Jesse Lingard, Harry Kane and Bukayo Saka all got on the scoresheet as England comfortably saw off Andorra at Wembley to keep up their 100 per cent qualifying record
England comfortably saw off Andorra at Wembley to keep up their 100 per cent record in qualifying.
Jesse Lingard grabbed two of his side’s four as they warmed up in the best possible fashion for their clash with Poland.
The game in Warsaw on Wednesday is expected to be England’s most challenging and a host of regular players were rested by Gareth Southgate.
It allowed for some experimentation with Trent Alexander-Arnold coming into midfield and Patrick Bamford earning his first cap.
England bought the cavalry on midway through the second-half and were able to pull away from their opponents, who remained in the game at 1-0, despite the hosts’ dominance.
Harry Kane drew level with Michael Owen’s goal total as he converted from the spot and birthday boy Bukayo Saka also notched.
Here are five talking points from Wembley.
1 Patience is key
In qualifying games like this its often the way you go about gaining the three points that people take more notice of.
Andorra, ranked 156th in the world, were never going to genuinely trouble the Three Lions.
As a result it becomes a test of how dominant you can be throughout the 90 minutes, like it is against someone like San Marino.
Much like in midweek, England looked like they were going to come away with a gritty, tight win.
But as they did three days ago, they added some stardust to the result late on, eventually tiring out their opponents.

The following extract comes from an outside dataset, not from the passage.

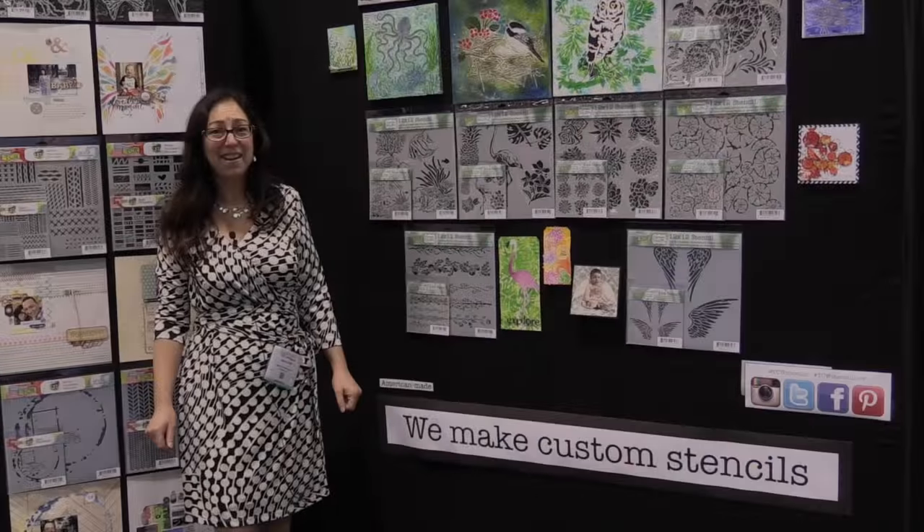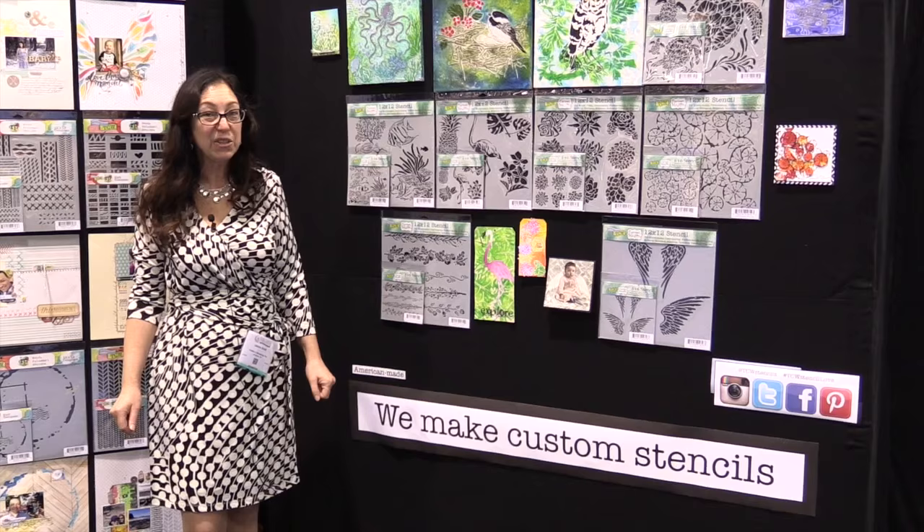Hi, I'm Jamie from The Crafters Workshop and you're watching Scrapbook.com. This is CHA 2016. I'm here with some gorgeous stencils by Carmen Medlin.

Southgate’s side have dominated possession in recent games and that has been crucial in breaking down their opponents, as was again the case.
Lower ranked nations are often content to sit in and make things difficult, so performing like England have in recent games can only be a plus.
2 A welcome sight
The unsavoury scenes from Thursday overshadowed an impressive win in Hungary.
Images of acts of defiance from likes of Declan Rice and Jack Grealish have done the rounds in recent days and bought with them a sense of national pride.
Raheem Sterling and Jude Bellingham were allegedly subject to racist chants, but on Sunday it was a very different vibe.
England, as they always do, took the knee at Wembley.
They were joined in doing so by the Andorran players as a rapturous applause reverberated around the stadium.
This is what we should be aspiring for.
3 Trent’s midfield run out
The debate has rambled on for sometime – Is Alexander-Arnold better utilised in midfield, especially given the options available to England at right-back.
It is from out wide that he’s so effective for Liverpool and Jurgen Klopp has given no indication that he’ll change his position.
With England though Southgate clearly felt it was an experiment worth trying. It should be noted that Alexander-Arnold as a midfielder deserves more than a single qualifier against Andorra before any verdict is passed.
Nevertheless, his influence on proceedings wasn’t what it usually is. His best piece of play in fact came when he dropped into the right-back slot to fizz a long diagonal to Jude Bellingham.
On this evidence alone, stick to what you know, and eventually England did with Reece James swapping roles with Alexander-Arnold in the second-half.
4 Lingard’s uncertain future
The Manchester United midfielder may well rue his decision to stay at Old Trafford.
It was his lack of minutes, and as a result, form, that saw him dropped from the England squad in the past and he may again have that problem.
The shame for Lingard is that he seems more than capable of cutting it at international level with his two-goal display grabbing the headlines.
We saw the best of the midfielder last year at West Ham, but opportunities may be few and far between at United this term.
Southgate has often said he needs plays playing if they are to be selected and that could be Lingard’s undoing.
5 Bamford’s missed opportunity
Plenty doubted whether he’d cut it in the Premier League 12 months ago, now he’s playing for England.
Bamford has been able to thrive in a Leeds system that gets the best out of him.
He scored 17 times last term, more than he managed in the Championship with the Whites, and was finally rewarded by a call-up.
Admittedly he came up against relatively modest opponents and finds himself behind several names in the pecking order.
Failing to find the net will be a frustration, especially given the competition for places behind Harry Kane.